A second reason for accepting the necessary existence of God would be available if one took the ontological argument to be sound. There are, of course, many versions of the ontological argument. But, all of them entail that God exists necessarily. The most sophisticated version of the argument has been formulated by Alvin Plantinga (1974a, 1974b, 1990). This motivation (the soundness of the ontological argument) is, of course, closely tied to the first motivation (Anselmian theology).
A final reason for thinking that God exists necessarily is one that we will consider in-depth in the next section of the essay: Abstract objects depend on God for their existence, and abstract objects exist in every world; therefore, God exists in every world (see Plantinga 1980, Plantinga 1982, Leftow 1990, Davidson 1999).
Historically, many theists have thought that anything that exists must depend on God for its existence. Call this the sovereignty-aseity intuition (see Plantinga 1980, Davison 1991, Davidson 1999). Abstract objects exist, and so they too must depend on God for their existence. But problems arise at this point (see, e.g., Leftow 1990, Wierenga 1998, Davidson 1999). Consider the following proposition, which seems clearly true:
(1) Necessarily, x depends on y for its existence iff y were not to exist, neither would x.
Now, consider the number four. If it depends on God for its existence, then the truth of Four exists depends counterfactually on the truth of the proposition God exists; if God exists were false, then Four exists would be false. According to the widely-accepted Lewis (1973) semantics for counterfactuals, any proposition is counterfactually implied by a necessarily false proposition. However, It is false that four exists is necessarily false, and thus counterfactually implies any proposition. So, it's also true that if four didn't exist, neither would God, and by (1) God depends on four for God's existence. This dependence relationship is problematic; the dependence relation between God and abstracta should be asymmetrical if we are to understand the claim that God is the source of being for abstract objects.
There are four solutions that typically are discussed in the literature. The first is to think that (1) is false. One might say something such as the following. “(1) does look prima facie very plausible. But its plausibility comes from considering contingently existing objects. When we consider abstract objects in light of a principle like (1), our intuitions break down. Denying the truth of (1) in this case is not as damaging as it might appear at first; we still can affirm its truth with respect to contingently existing entities.”
However, one might insist that it is crucial to understanding the claim that some object x depends on some object y that the correct asymmetrical dependence relationship hold between the two. This claim has considerable intuitive force, one might think. Furthermore, something like (1) has to be at the heart of this asymmetrical dependence relationship.

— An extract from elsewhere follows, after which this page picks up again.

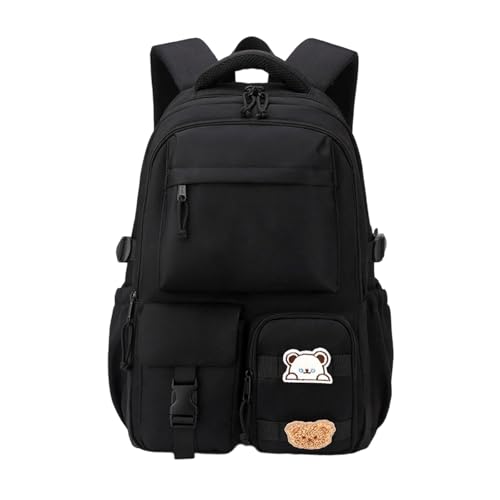 HGZHNAT Stilvoller Japanischer Schulrucksack Für Frauen Nylon Multipocket Ergonomic Schulter Trendy Frauen Nylon Backbeutel von HGZHNAT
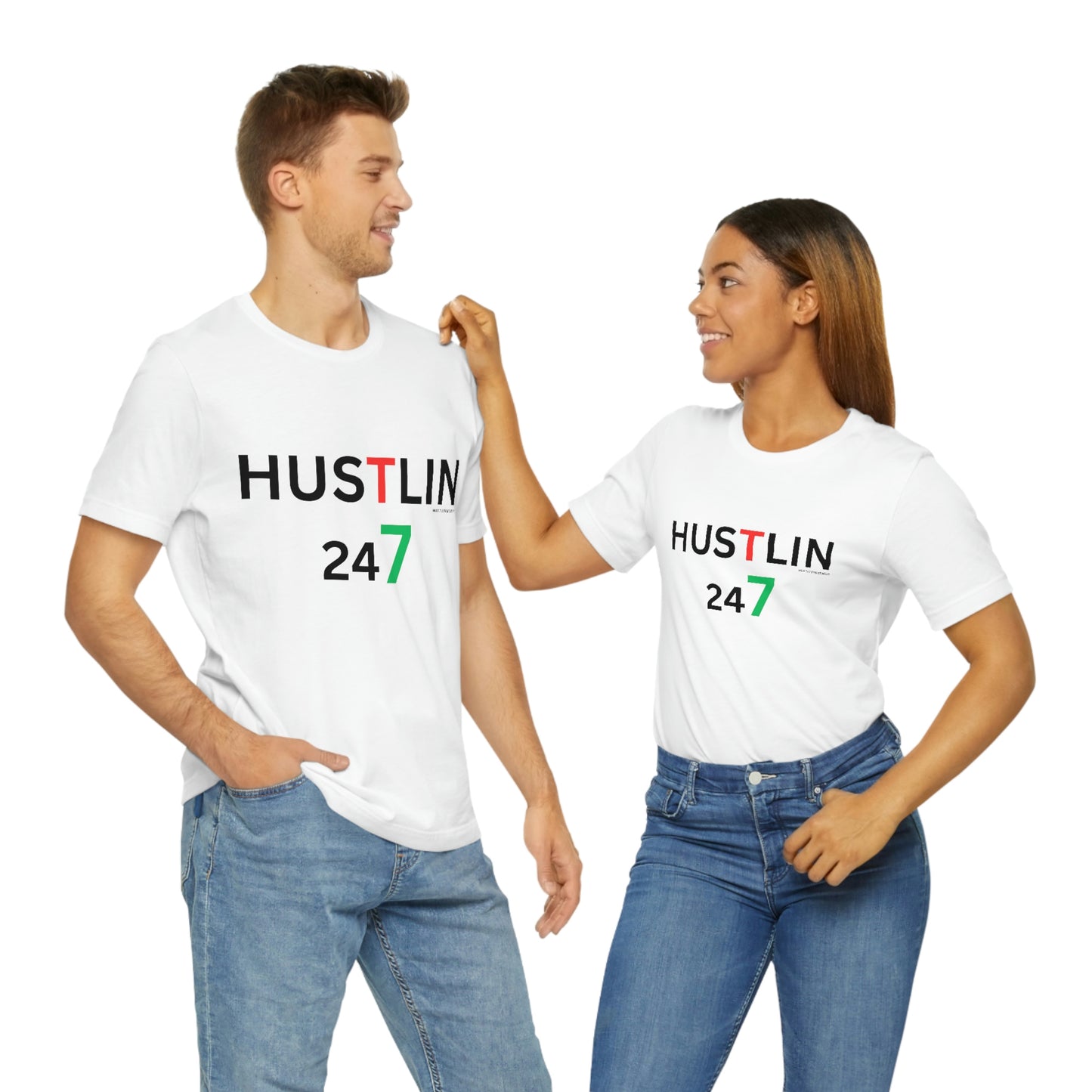 Unisex Hustlin Jersey Short Sleeve Tee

A second solution is to deny the claim that there are necessary truths. Up to this point, we have been speaking of the existence of abstracta depending on the existence of God. But, how exactly do they depend on God's existence? Is it merely God's existence on which they depend, or are they dependent on some feature of God? If a particular cup depends on my existence for its existence, it is not my mere existence that explains why it exists. It is true that if I did not exist then neither would it. But, it exists because of certain activities in which I engaged: Shaping clay, firing the clay in a kiln, and the like. Similarly, theists have thought that there are two features of God on which abstract objects might depend: God's intellect and God's will. Historically, figures such as Aquinas (ST Ia, 15; SCG I 51–54), Anselm, and most-famously, Leibniz (e.g. Monadology 43–45) claimed that abstract objects depend on God's cognitive activity (more particularly are God's thoughts or exist “in God's mind”). These divine thoughts aren't subject to God's will, nor is God able to think other than he does with respect to them. On the other hand Descartes famously held that the modal status of propositions depends on God's will. So, had God willed that 2+2=5 be true (and he could have willed this), 2+2=5 would have been true.
Suppose we take a Cartesian approach to the relationship between God and abstracta. If the modal status of propositions depends on God's volition, and this entails that it could have been false that 2+2=4, we might maintain that strictly, there are no necessary truths or falsehoods. Thus, the problem with dependence goes away; we do not have to worry about trivial counterfactual implication from necessary falsehoods.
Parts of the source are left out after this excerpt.